Chance Is Here Today
Wednesday, February 15, 2006
Saturday, February 11, 2006
Friday, February 03, 2006
My Horrible Emotional Day
Well, today was Kindergarten Screening Day for us! I really wasn't prepared for what an emotional experience that was going to be. We got there at 9:00am and right away they took Chance to another room and sent me into the Parents room (ECFE). There I sat with about 6 other parents and it was there that I learned the whole precess was going to take about 2 hours and not the 1/2 hour that I thought it was going to take.First of all, in the paper it said that they wanted kids to be screened as close to their 4th birthday as possible. Chance will be 4 next month so I made the appointment for this month. I believe this is the last month they do it until next fall. Anyway, all the other children were 4 1/2 and almost 5 years old!
After they were done testing Chance they called me into this room with these two ladies. One was the teacher that tested Chance and the other was some type of psychologist that was totally interested in any concerns I had. She made me very uncomfortable. We went over the test results which she was very quick to assure me that she was not testing my child's "smartness", but just looking for red flags that they needed to catch before school.
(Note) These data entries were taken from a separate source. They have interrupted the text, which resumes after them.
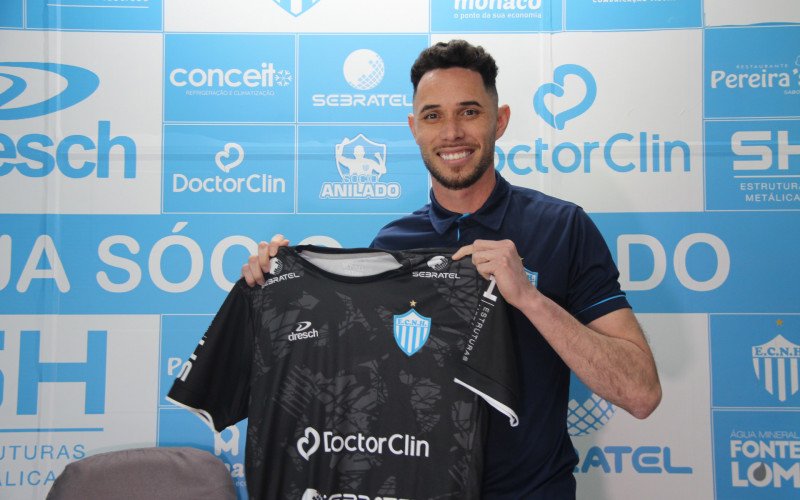 Goleiro Omar assinou novo contrato com o Novo Hamburgo | abc+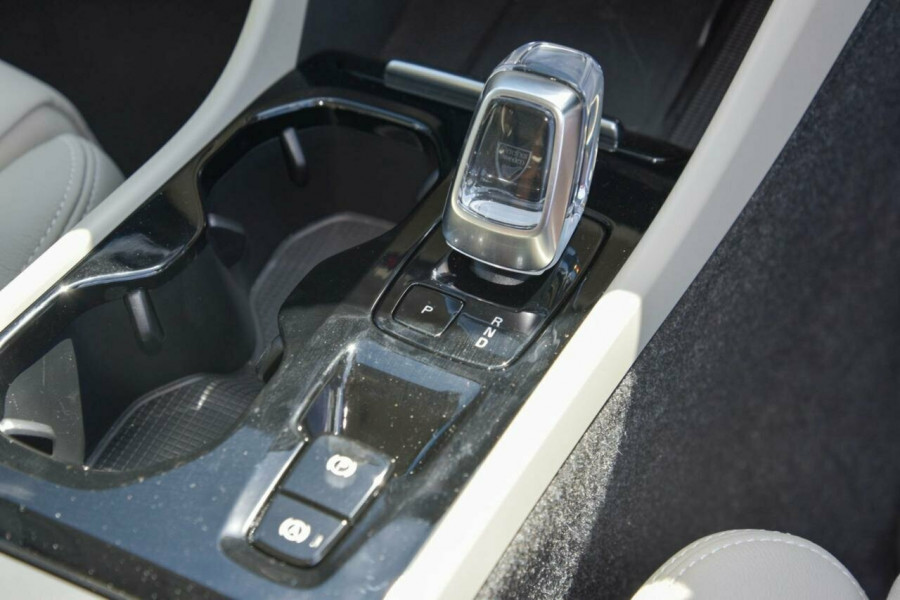 2024 MY25 Volvo XC40 XZ Ultra B4 Bright SUV Image 19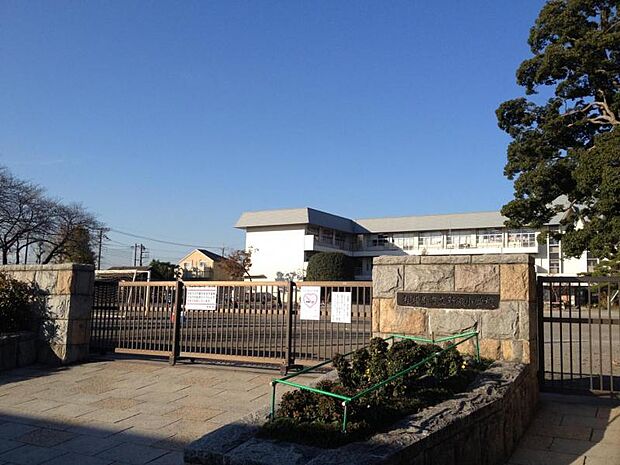 新磯小学校まで約1200m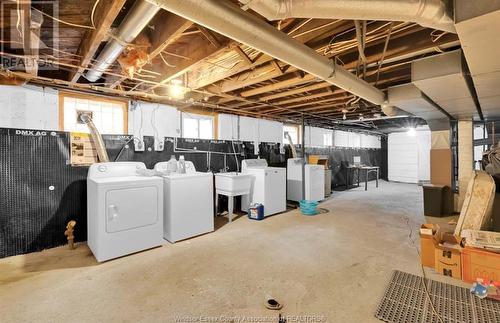 1525 Dufferin, Windsor, ON - Indoor Photo Showing Laundry Room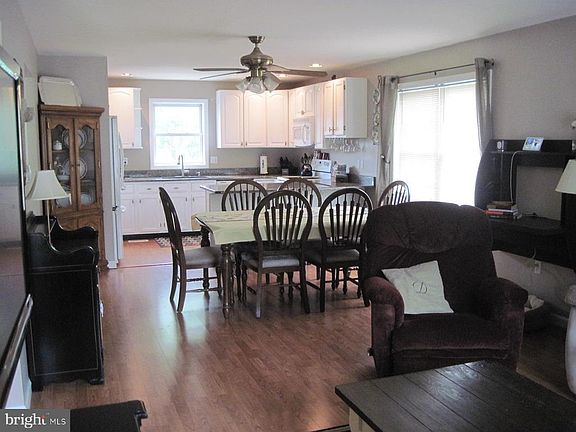 5th image of 7 Christine Dr
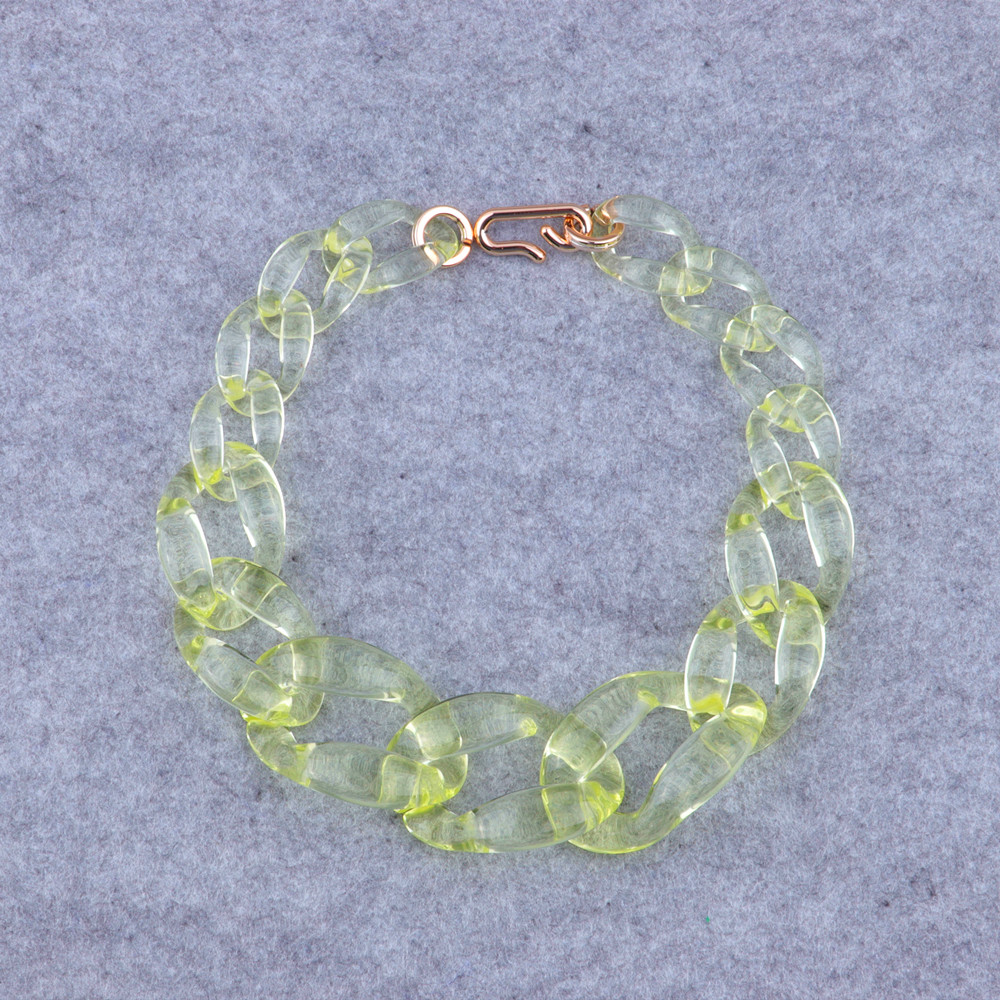 Statement Transparent Neon Green Acrylic Big Chain Choker Pendant Necklace For Women Collar Long Chain Necklaces Jewelry: light yellow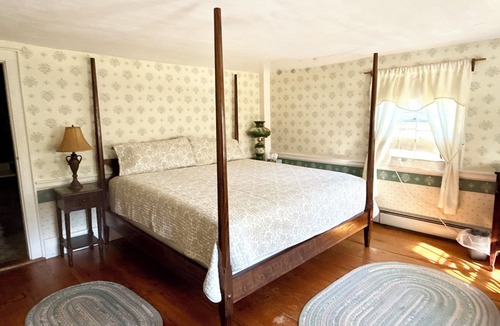 Campton Bed & Breakfast | Colonel Spencer Inn
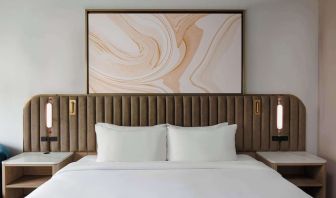King bed at Sonesta Miami Airport.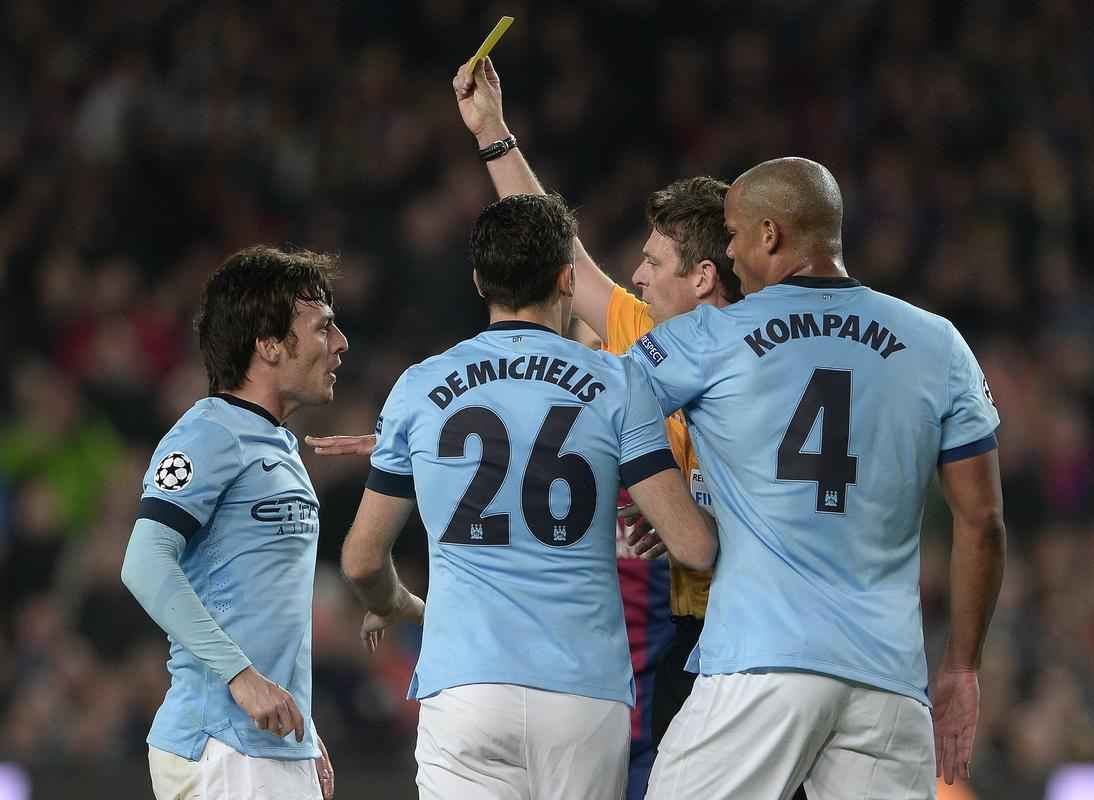 Imagens do duelo entre Barcelona e Manchester City, no Camp Nou, pela Liga dos Campees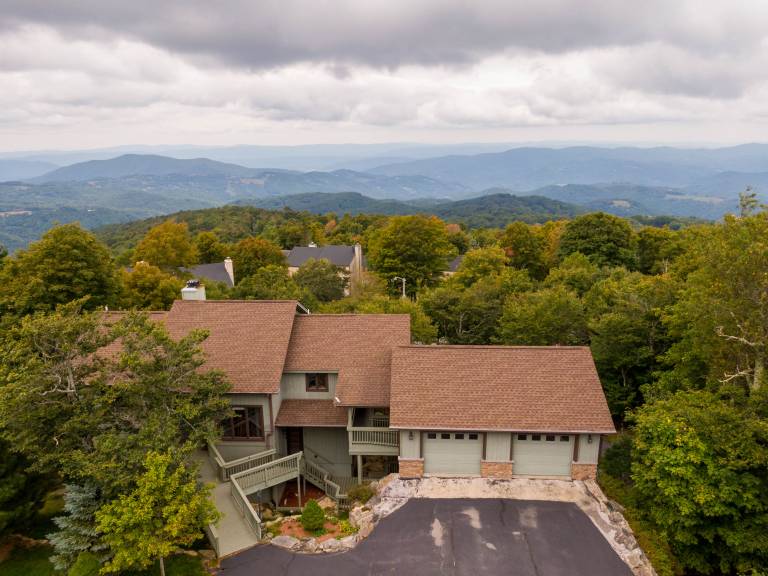 House  Beech Mountain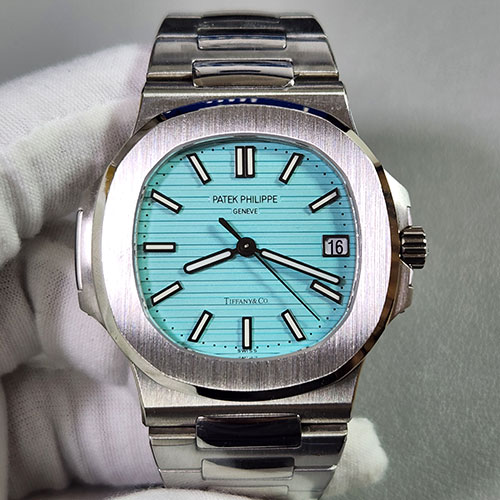 パテック フィリップ  ノーチラス ティファニーブルー 5711/1A-018 “Tiffany & Co.”Nautilus の限定モデルが登場！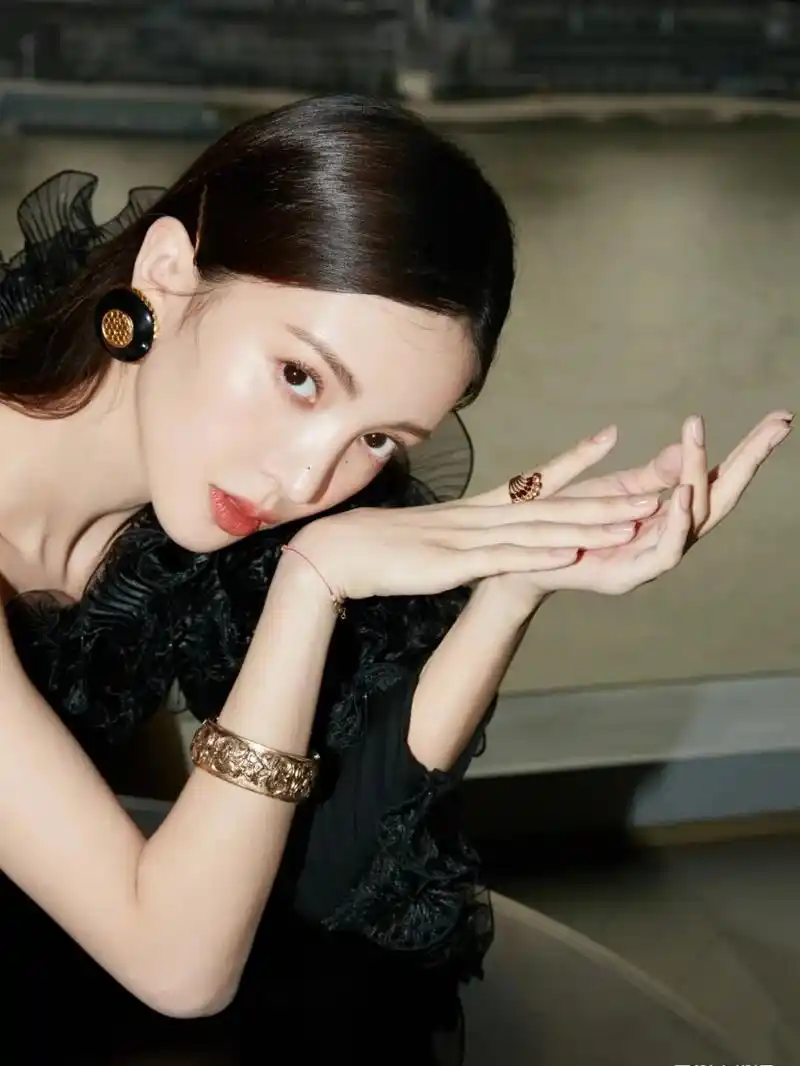 金晨个人资料简介 出生于山东省,毕业于北舞民族舞专业,生日1990年9月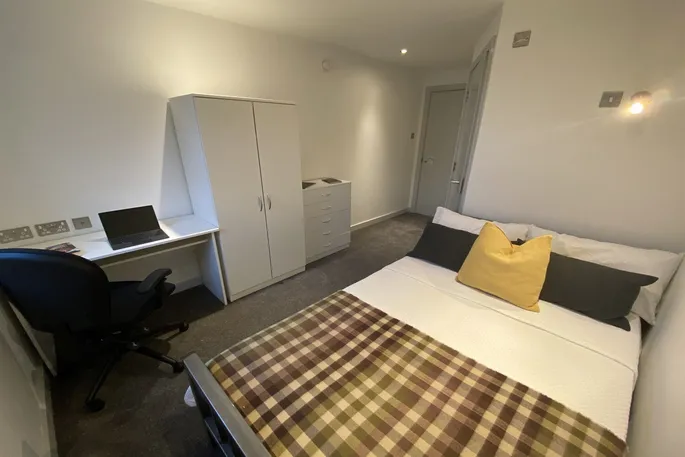 Room Moore Gate in Broxtowe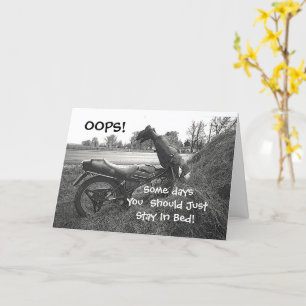 TARJETA "ALGUNOS DÍAS DEBERÍAS QUEDARTE EN LA CAMA"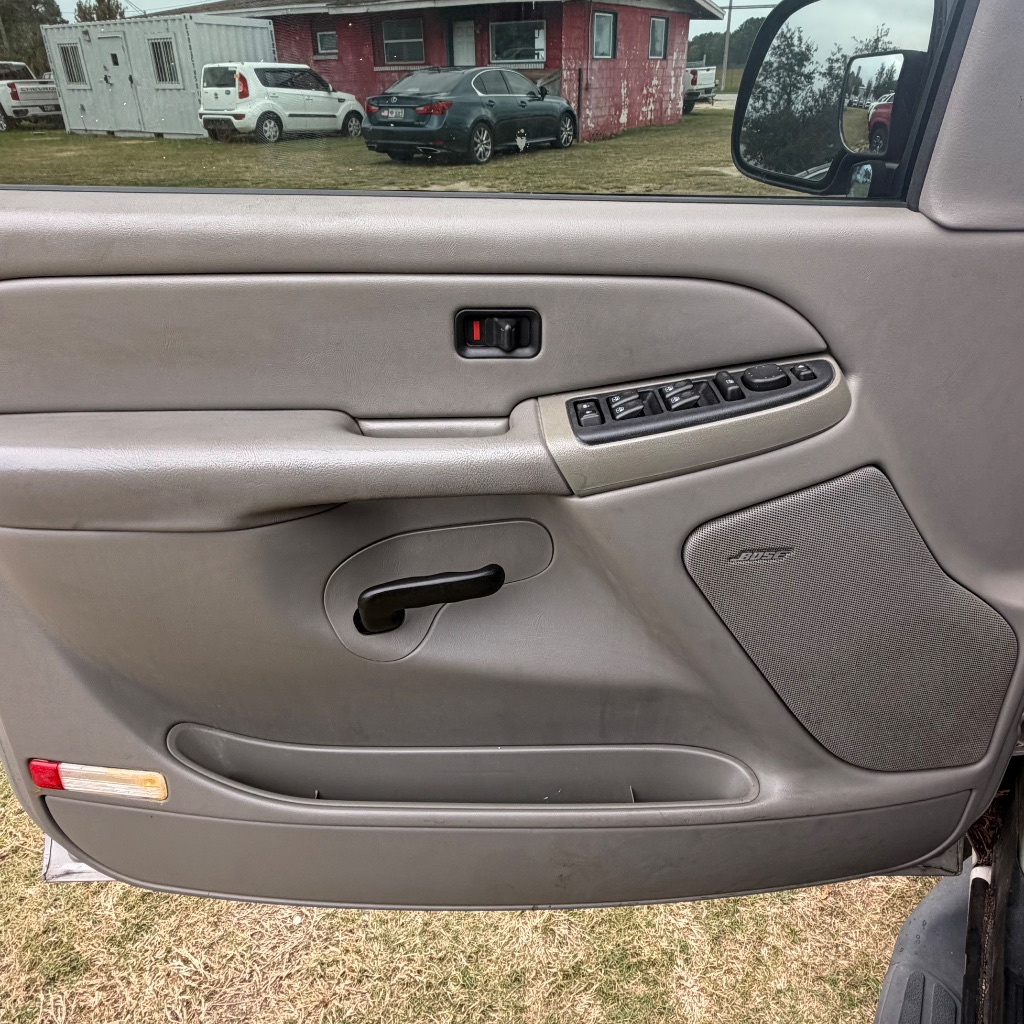 2006 GMC Yukon - $3,992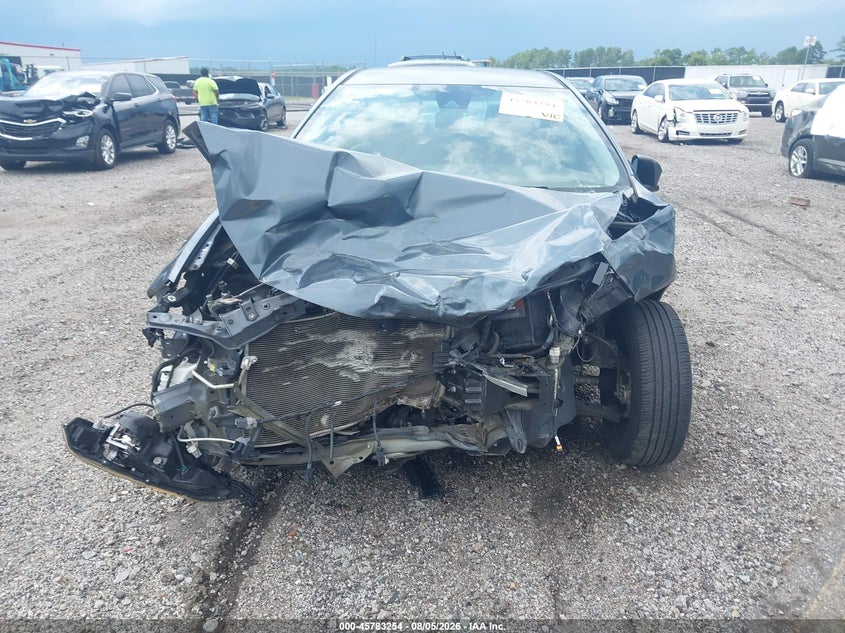 2017 TOYOTA COROLLA auction photo 6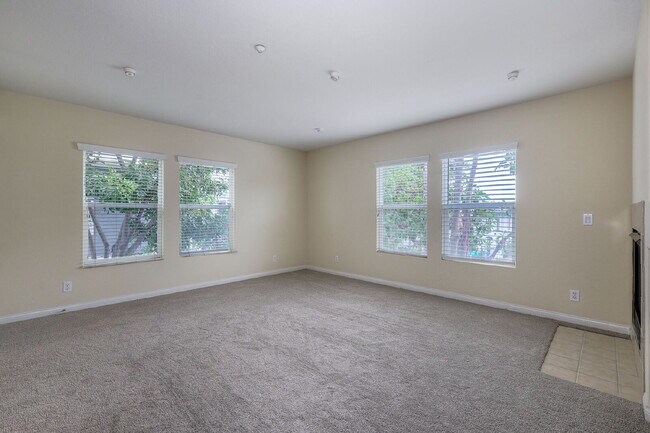 Building Photo - Spacious 2-Bed, 2.5-Bath Condo on Lighthou...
It was maddening sitting there listening to what she tested him on and knowing full well that he knew how to do those things, but just didn't for some reason.
Then they sent me to see the RN. She went over his height/weight which he is in the 95% for both, and his hearing and eye sight test. I guess he can hear just fine, sometimes I am not quite sure about that, but his eye sight registered at 10/15 which she said is 20/30 for us. I guess they only test them at 10 feet instead of the 20 that they do for adults. I was concerned about that, but she said not to worry. The test isn't all that accurate and her kids were 10/15 & 10/10. After I was done meeting with her I was free to go and pick up my child.
By the time I got back to the van I felt like I had been hit by a truck. What a terrible emotional day. I felt like they were disecting something that is so important to me and not thinking he was as special as I do. Welcome to the real world hey.